Gaba · 100accb5
--- a/ArchivedWiki/teams-to-be-move-to-each-team/NetworkTeam/CoreTorReleases/042Retrospective.md
+++ b/ArchivedWiki/teams-to-be-move-to-each-team/NetworkTeam/CoreTorReleases/042Retrospective.md
+# 042 bug retrospective
+
+POSSIBLE LESSONS TO TAKE FROM THIS RETROSPECTIVE:
+    * We should be writing tests for everything.  "Having a test for the error case would have caught this" comes up way too much.
+        * teor: +1, we should add extra time for unit testing to every ticket and proposal
+    * Our lack of integation testing for certain pieces of functionality is a long-term liability.  Even carefully unit testing our code would not have caught all these bugs.
+        * teor: +1, we should add extra time for integration testing to every ticket and proposal
+        * we should also change our PR reviews so we ask about integration testing every time
+    * In many cases we have introduced testing in response to these bugs, but probably not enough.
+    * Some of our bugs seem to sit around longer than we should like.  There are bugs that were first fixed in 0.4.2 dating all the way back to 0.3.1.
+    * Some parts of our code base are identifiably under-tested or badly held together. They include:
+        * Accounting isn't integration-tested.
+        * Our Windows testing and QA is severely underpowered.
+        * Our seccomp2 sandbox, as it relates to the file system, is held together with twine and chewing gum.
+        * We should find a way to fuzz our configuration handling code more reasonably.
+            * +1, note that we have considered configs out of scope for fuzzing in the past
+        * We should find a way to run even the stem tests that use the tor network -- would pointing them at a chutney network work? In any case we should be running them as part of our dev process whenever we're touching controller code.

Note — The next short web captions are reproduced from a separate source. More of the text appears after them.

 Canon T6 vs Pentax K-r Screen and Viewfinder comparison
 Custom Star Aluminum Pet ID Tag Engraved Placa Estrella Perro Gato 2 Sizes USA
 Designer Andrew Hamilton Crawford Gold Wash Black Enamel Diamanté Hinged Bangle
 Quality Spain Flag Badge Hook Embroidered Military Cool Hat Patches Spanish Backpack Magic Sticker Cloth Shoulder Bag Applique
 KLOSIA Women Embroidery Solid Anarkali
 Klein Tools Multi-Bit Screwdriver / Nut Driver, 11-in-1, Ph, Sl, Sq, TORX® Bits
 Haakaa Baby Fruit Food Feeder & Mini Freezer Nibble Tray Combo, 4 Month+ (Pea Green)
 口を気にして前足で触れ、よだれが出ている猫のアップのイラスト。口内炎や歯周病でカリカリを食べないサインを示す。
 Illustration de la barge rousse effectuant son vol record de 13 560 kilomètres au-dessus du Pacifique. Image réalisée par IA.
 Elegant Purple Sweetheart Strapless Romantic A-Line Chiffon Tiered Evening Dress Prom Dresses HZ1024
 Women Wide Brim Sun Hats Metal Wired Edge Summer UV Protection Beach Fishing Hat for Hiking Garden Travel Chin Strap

+    * Noticing what changes in a patch is essential.  I think we should make pull-all start saying what files changed again.
+
+        [dgoulet] +1 ... this is something I'm missing from the normal "git pull" that tells me what changed and where. It is useful to me to know that.
+
+        [teor] +1, I check the files when I merge, but the reviewer should also be checking what files *and functions* have changed
+
+
+
+Best practices:
+    * We should clearly distinguish "state" from "configuration" or "messages".  We shouldn't mix state into configuration or parsed objects.
+
+        [dgoulet] +1.
+
+    * When writing warning messages and BUG() messages, we should think about their potential to get loud if they are hit too often, and whether a rate-limit/IF_BUG_ONCE() is appropriate.
+
+
+LESSONS LEARNED/QUESTIONS ASKED ABOUT THIS RETROSPECTIVE PROCESS:
+    * Maybe we selected too many tickets to look at?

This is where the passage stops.